Part 3

Ocelot thought about it a moment, then shrugged. “I guess we should probably check the hotel before we hit the morgues. I don’t know about you, but spending my evening looking at stiffs if I don’t have to isn’t my idea of fun.”

“I’d be worried if it was.” Winterhawk made a U-turn and headed back toward the Laubenstein Plaza. “Even if you do have to.”

Ocelot chose to ignore that. “You think they’ll talk to us?”

The mage shrugged. “With the proper application of alcohol or nuyen, most people will talk. It’s not as if we’re obstructing any official investigations, after all.”

“Yeah, that’s true. Can’t even get too pissed at the Star for letting this one go for a couple of days. I mean, people turn up missing all the time, and sometimes it’s because they wanted to be missing, you know?”

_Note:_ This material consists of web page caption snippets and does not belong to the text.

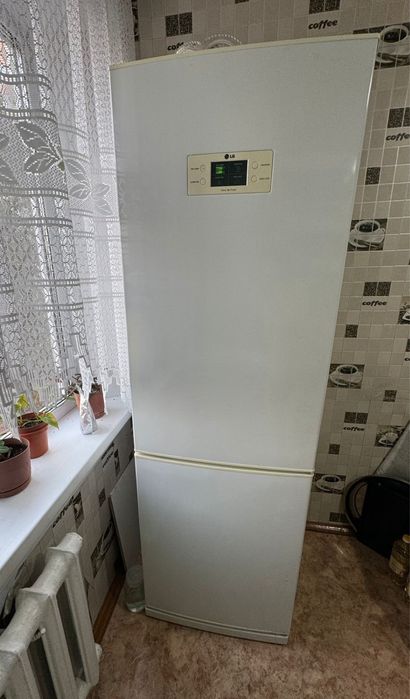 Продам холодильник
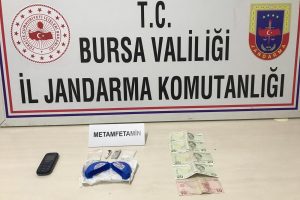 Bursa'da uyuşturucu y&uuml;kl&uuml; ara&ccedil;taki 3 kişi g&ouml;zaltına alındı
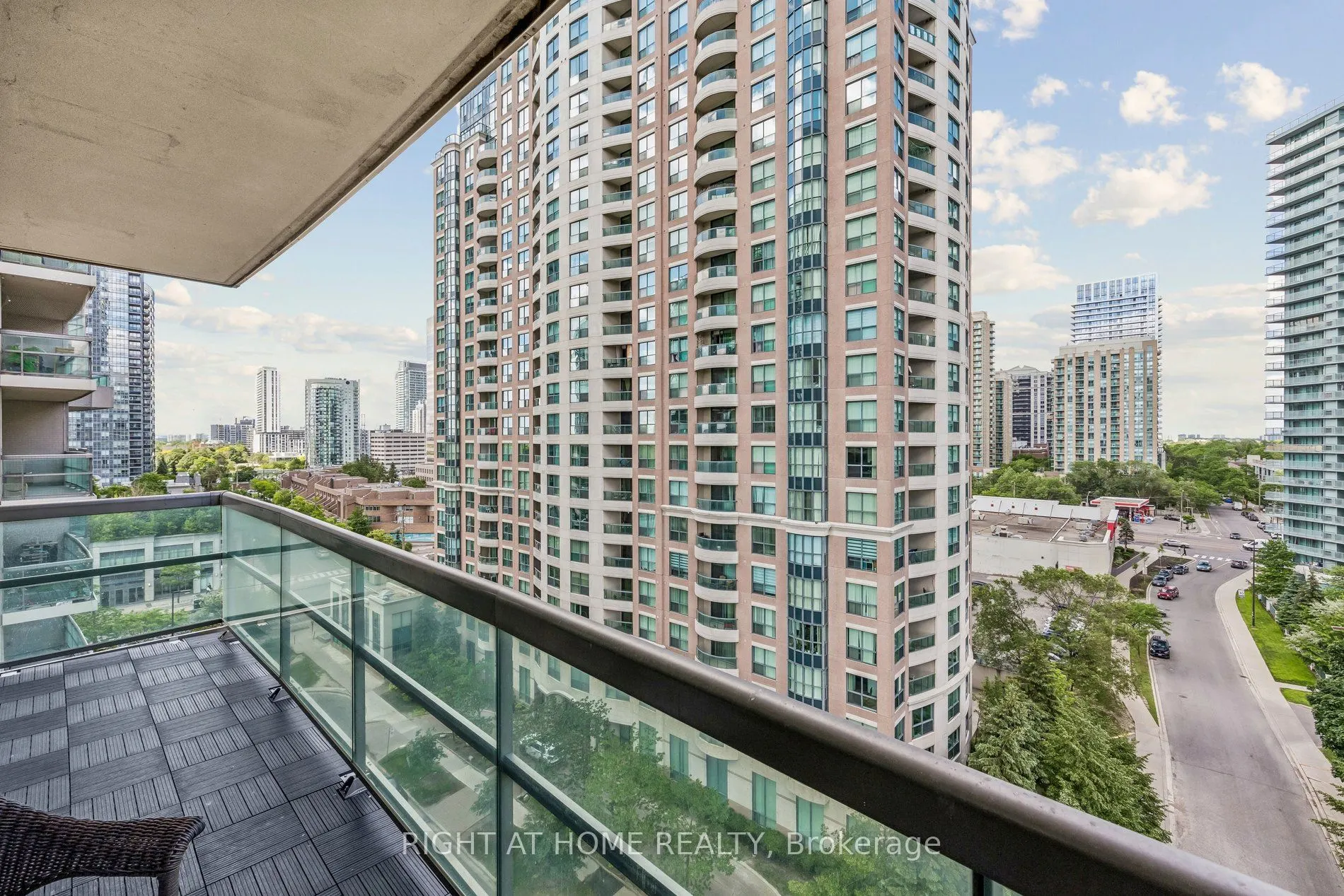 503 Beecroft Road #1116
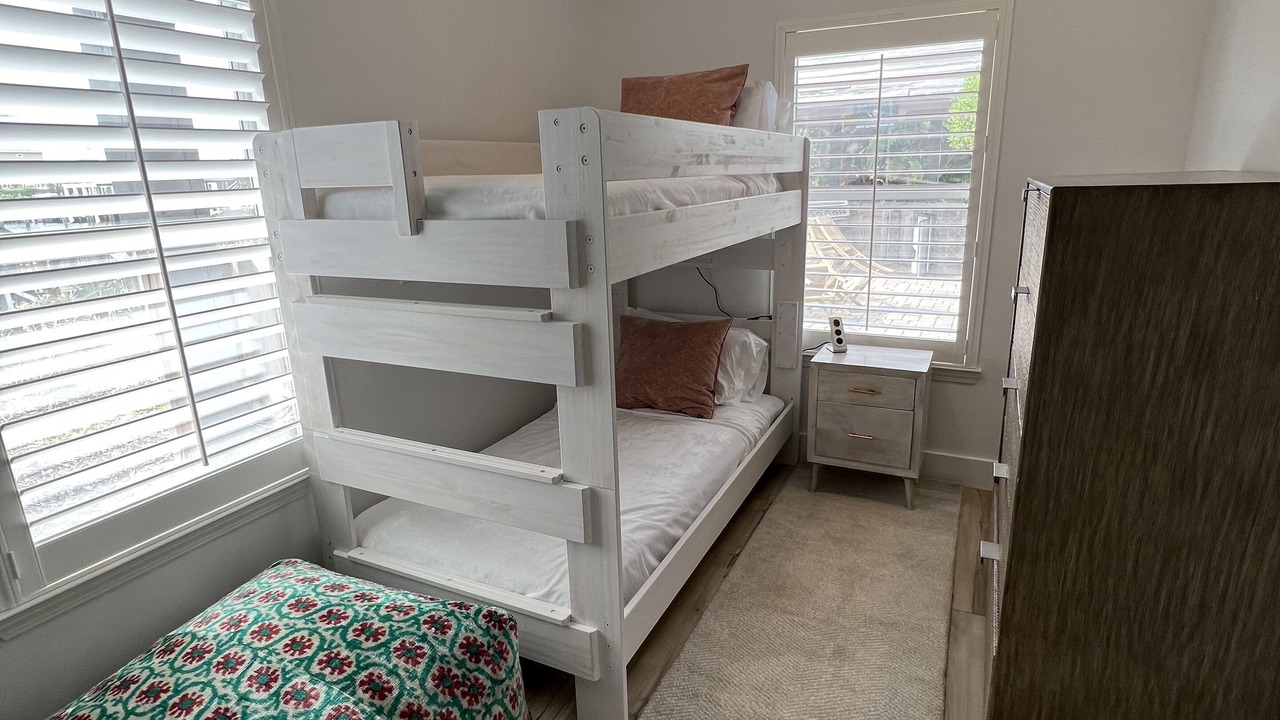Photo of Bedroom in Holiday Isle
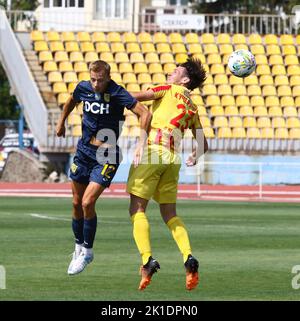 Uzhhorod, Ukraine - 29 août 2022: Yevhen Pidlepenets de Métaliste Kharkiv lutte pour une balle avec Oleksandr Kucherenko des Inhulets lors de leur VBET Ukraine Premier League match au stade Avanhard Banque D'Images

‘Hawk turned slightly to look at Ocelot. “Are you suggesting that our Mr. Ng’s aura of connubial bliss might be a bit thinner than we might have suspected?”

“Hey, it’s happened before. Mr. or Mrs. Happy Homebody gets fed up with the demands of home and family and skips out. Gotta admit, it’d be a good place to do it. It’s easy to lose yourself in Seattle if you know what you’re doing.”

Winterhawk considered that. “It’s certainly something to think about. Let’s see what they have to say inside and we’ll go from there.”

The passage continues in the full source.